Burak spent her early childhood in Triangle, Zimbabwe, where she attended Murray MacDougall Junior School, before she moved to England when she was eight years old and lived in Guiseley, West Yorkshire and attended Menston Primary School and St Mary's Catholic High School in Menston. She had an interest in flying, so joined the Royal Air Force Air Training Corps, but had to leave after injuring her leg during a game of football. She gained a bachelor's degree in Geography and European Studies at the University of Sussex, when she spent a year in Switzerland and learned to speak French. She was then awarded a European Union scholarship to complete a Master of Science degree at the University of Leicester.

==Broadcasting career==
After three years in an information technology career, Burak started her media career as a broadcast assistant for BBC Weather, and trained as a broadcast meteorologist during this time. She began broadcasting as a relief forecaster for BBC regions and nations, eventually joining BBC East Midlands as one of their permanent forecast team, before becoming the lunchtime news anchor.

===Sky News===
Burak moved to Sky News in 2006. Her main role involved presenting Sky News overnight, with her typical shift starting at midnight ending at 06:00. During this time she presented Sky News on the Hour from 01:00 to 03:00 and then Sky World News from 03:00 to 06:00, which caters for audiences within Europe, Asia and Africa. She left Sky News in 2012, but returned in 2013.

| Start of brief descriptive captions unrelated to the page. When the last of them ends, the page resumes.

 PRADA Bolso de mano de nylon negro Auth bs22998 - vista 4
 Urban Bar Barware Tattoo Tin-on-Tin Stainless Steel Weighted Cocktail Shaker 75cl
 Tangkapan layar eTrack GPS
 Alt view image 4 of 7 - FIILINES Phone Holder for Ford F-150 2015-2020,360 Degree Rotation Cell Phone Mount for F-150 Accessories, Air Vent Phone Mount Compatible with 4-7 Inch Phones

===International broadcasting===
In August 2012, Burak joined eNCA (eNews Channel Africa), based in South Africa. She said that she had to relocate to South Africa as her husband had been offered a new job there, but that she was very much looking forward to the opportunity to join the channel's Africa Edition team and to have the opportunity to conduct live interviews rather than dealing with predominantly pre-recorded material. But of her former employers, Sky News, she said: "Sky is an experience I would recommend to anybody. When you are working at that level in the industry, you could not ask for anything else." Burak rejoined Sky News in 2013 before departing once more in June 2015. She joined the team of Al Jazeera English in Doha.

===Return to BBC===
In May 2016 Burak returned to BBC News, joining BBC East Midlands and BBC World News. She began presenting on the BBC News Channel on 13 August 2016. In September Burak became the main presenter of Inside Out East Midlands and the relaunched England edition, which is a weekly round-up of the three best reports from across the country.

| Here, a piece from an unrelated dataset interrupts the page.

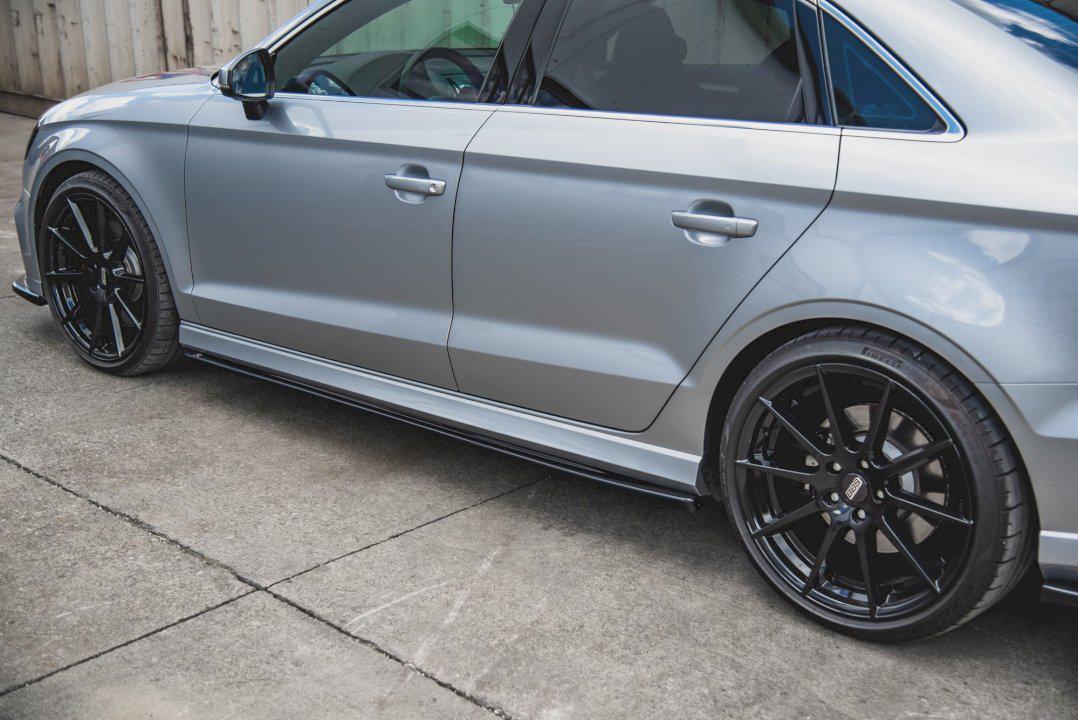 Maxton Side Skirts Diffusers V.2 Audi S3 Sedan 8V Facelift (2016-2020)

Burak went on to anchor the BBC World News channel in London.

==Other interests==
Burak was portrayed on the cover of Issue 2 of UK Zambians' Lifestyle Magazine in the summer of 2008. She was also appointed patron of the charity All Star Kids (1079911) at the start of December 2008. She is an ambassador for Malaria No More UK, as a result of her own personal experiences as a child. Since January 2011, she has been the director of hair products company Gidore which she founded.

==Personal life==
Burak is married with two children. She lives in the village of Braybrooke, Northamptonshire.